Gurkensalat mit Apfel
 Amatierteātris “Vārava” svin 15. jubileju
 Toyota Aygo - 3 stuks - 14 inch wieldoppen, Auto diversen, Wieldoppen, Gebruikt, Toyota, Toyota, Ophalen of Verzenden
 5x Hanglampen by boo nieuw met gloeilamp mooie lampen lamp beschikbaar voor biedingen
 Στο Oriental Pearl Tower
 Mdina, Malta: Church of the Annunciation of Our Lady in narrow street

__REQUIRED ACTION__:
This exercise calls for the line containing "5x Hanglampen by" and each line after it in the records, copied exactly.

__RESPONSE TO THIS EXERCISE__:
 5x Hanglampen by boo nieuw met gloeilamp mooie lampen lamp beschikbaar voor biedingen
 Στο Oriental Pearl Tower
 Mdina, Malta: Church of the Annunciation of Our Lady in narrow street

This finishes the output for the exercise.